Personal information
- Nationality: British
- Born: Thomas James 11 March 1984 (age 42) Cardiff, South Glamorgan, Wales
- Home town: Coedpoeth, Wrexham County Borough, Wales
- Height: 190 cm (6.2 ft)
- Weight: 85 kg (187 lb)

Sport
- Country: Great Britain
- Sport: Men's rowing
- Events: Coxless Four, Eight
- College team: Cambridge University
- Club: Molesey Boat Club
- Coached by: Jürgen Gröbler

Medal record
Men's rowing
Representing Great Britain
Summer Olympics
| Gold medal – first place | 2008 Beijing | Coxless four |
| Gold medal – first place | 2012 London | Coxless four |
World Championships
| Gold medal – first place | 2011 Bled | Coxless four |
| Bronze medal – third place | 2003 Milan | Eights |
| Bronze medal – third place | 2007 Munich | Eights |
World Cup
| Gold medal – first place | 2011 Munich | Coxless four |

= Tom James (rower) =

British Olympic rower (born 1984)

Thomas James MBE (born 11 March 1984) is a British rower, twice Olympic champion and victorious Cambridge Blue. In a British coxless four in 2012 he set a world's best time which still stood as of 2021.

==Background and early life==
James was born in Cardiff and spent part of his childhood in Berlin, Germany as his father was an officer in the British Army, but considers his hometown to be the village of Coedpoeth, near Wrexham.

James was educated at Packwood Haugh School near Ruyton-XI-Towns, and then at The King's School, Chester. He was a keen sportsman and played football and rugby before being diagnosed with Osgood–Schlatter disease, forcing him to switch to rowing instead. While at King's, he was schoolmates and shared a boat with fellow Olympian Chris Bartley. He went up to Trinity Hall, Cambridge in 2002, obtaining his undergraduate degree in engineering in 2007.

==Rowing career==

===The Boat Race===
Whilst at Cambridge University, James was a member of Cambridge University Boat Club (CUBC) and took part in The Boat Race four times in five years between 2003 and 2007 (taking a year off to train for the 2004 Summer Olympics). He was elected president of CUBC for the 2006–07 academic year.

Having concentrated his efforts on the Olympics in 2004, James returned to Cambridge in 2005. Both universities had extremely strong intakes that year, with Cambridge boasting several world champions and the Oxford crew including Olympic silver medalist Barney Williams. Oxford won the epic contest by 2 lengths in a time of 16 minutes 41 seconds. In 2006, the weather was particularly bad, and Cambridge lost again, this time by 5 lengths.
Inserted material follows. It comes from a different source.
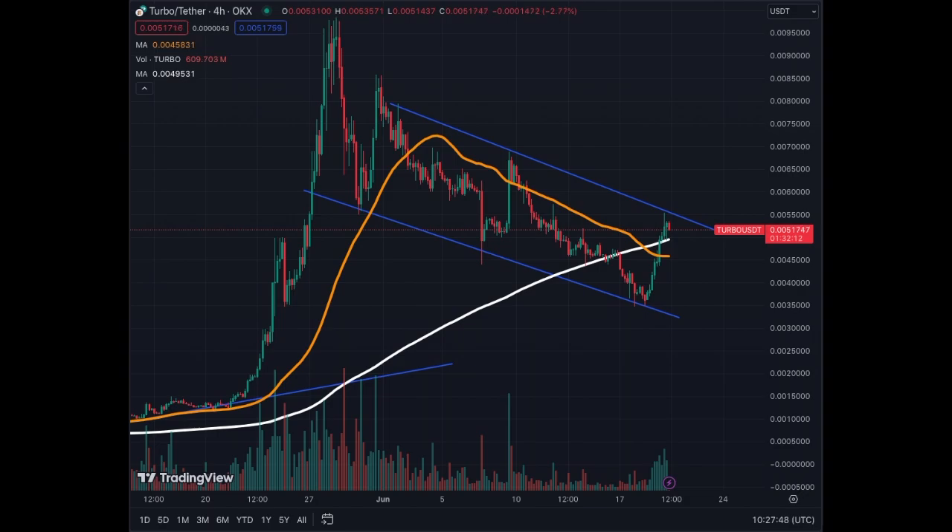We could trade sideways and break above this channel. If we break above this channel, it's going to be very bullish. Many assets in the crypto world right now, especially altcoins, corrected quite a bit and many are bouncing — so we will see similar charts for a few assets. Some will move faster, others will take longer to rebound.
After three years of disappointment, James returned to the boat race one final time in 2007, this time as President of CUBC. In a race where Cambridge were strong favourites based on the team members' individual successes, the light blues showed their class by staying in touch while Oxford had the advantage, and pushing on with tidier rowing from the halfway point. They rowed on to win by a length and a quarter, finally providing James with a victory at the fourth attempt.

===International===
Having won a bronze medal in 2001 with GB Junior eights and silver in 2002 at the World Rowing Junior Championships, James won his first senior international vest in 2003. He stroked the Great Britain Eight, which won a bronze medal at the World Championships in Milan.

Following this success, James decided that training for the Olympics and studying for his engineering degree were incompatible. He took a year off from his studies at Cambridge, and trained with the Leander Club in Henley-on-Thames. The buildup to the Olympics for the GB Men's Rowing Squad was somewhat disrupted due to illness, injury and variable form. James fell ill the night before the Heat in the Olympic competition – a devastating blow and whilst he returned for the repechage, the crew failed to make the final.

After taking a break from international rowing, James returned to the British Team in 2006, forming a pair with Oxford rival Colin Smith. The duo raced to a surprise silver behind reigning world champions New Zealand at the Lucerne World Cup regatta to earn selection for the world championships at Eton's Dorney Lake, making the final and finishing sixth.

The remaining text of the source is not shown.